# [REQUIRED WORK]
An exact copy is all that is wanted: the lines from the one with "653 4th Avenue S, South Saint Paul, MN 55075" through the end of the listing below, both included, minus any pictures.

____ SUPPLIED DATA

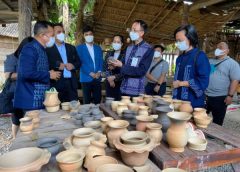 ม.ราชภัฏสวนสุนันทา เปิดตัว “ศูนย์เรียนรู้กลุ่มปั้นหม้อเขียนสี บ้านเชียง อุดรธานี” แหล่งวัฒนธรรมมรดกโลกสู่เครื่องปั้นดินเผายุคใหม่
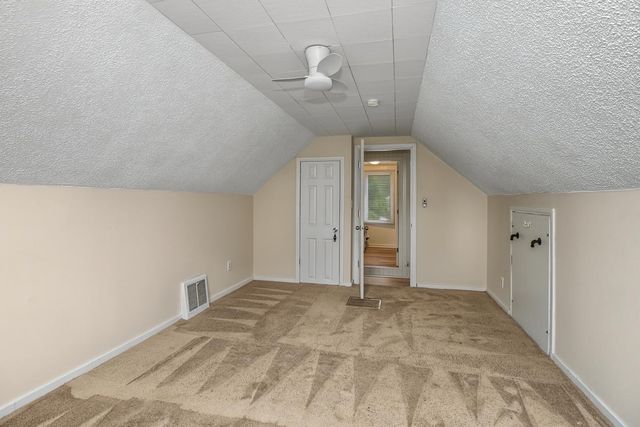 653 4th Avenue S, South Saint Paul, MN 55075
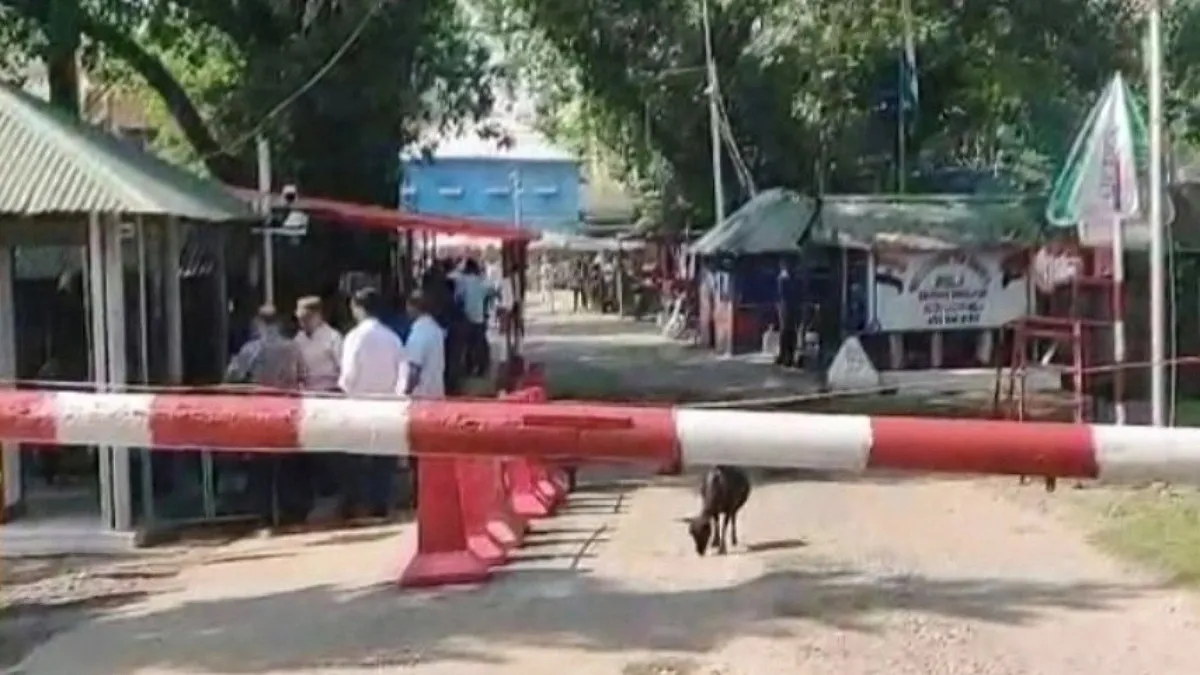 মুখ্যমন্ত্রীর বৈঠকে হিলি বন্দরের অচলাবস্থা কাটবে?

________

# [WRITTEN SOLUTION]
 653 4th Avenue S, South Saint Paul, MN 55075
 মুখ্যমন্ত্রীর বৈঠকে হিলি বন্দরের অচলাবস্থা কাটবে?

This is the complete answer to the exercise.